Daily Math: Tournament Of Towns 2023 2024

Introduction

Here are my approaches to some problems in Tournament of Towns 2023/2024 (Fall 2023, Senior A-level.) I’ve heard a lot about Tournament of Towns, but this is my first try to solve problems in Tournament of Towns. I recorded time taken to solve each problem, to express how that problem was difficult for me.

These are not perfect solutions; they're my approaches (brief solutions), so there might be some logical loophole. Please let me know via comments :)

Check out the problems at here!

Problem 1 (≤5’)

After I read this problem, I was almost sure that the answer must be equal. In detail, I believed there must be a way to pair two roots completely. Fortunately, it was not so hard to find the way.

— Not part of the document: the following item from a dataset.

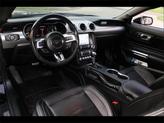 Thumbnail of 2022 Shadow Black Ford Mustang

Let \[ p_{(a_0, a_1, …, a_{45})}(x) = \sum_{0\leq i\leq45} a_i x^i \] and \[ X_{(a_0, a_1, …, a_{45})} = \lbrace x~\vert~ p_{(a_0, a_1, …, a_45)}(x)=0 \rbrace \] where \(a_i \in \left\{1,2,...,46\right\}\). Then, we can easily show \[ \forall x\in X_{(a_0, a_1, …, a_{45})}\quad x<0. \] Also, it is trivial that \[ \left\lbrace\frac1x \vert x \in X_{(a_0, a_1, …, a_{45})}\right\rbrace = X_{(a_{45}, a_{44}, …, a_0)}. \] Because \(\left\lbrace x+1, \frac1x+1 \right\rbrace = \left\lbrace positive, negative \right\rbrace\) for \(x<0\),

\[ \left\vert\left\lbrace x \vert x\in X_{A} \cup X_{A^{-1}} \wedge x+1>0\right\rbrace\right\vert = \left\vert\left\lbrace x \vert x\in X_{A} \cup X_{A^{-1}} \wedge x+1<0\right\rbrace\right\vert \]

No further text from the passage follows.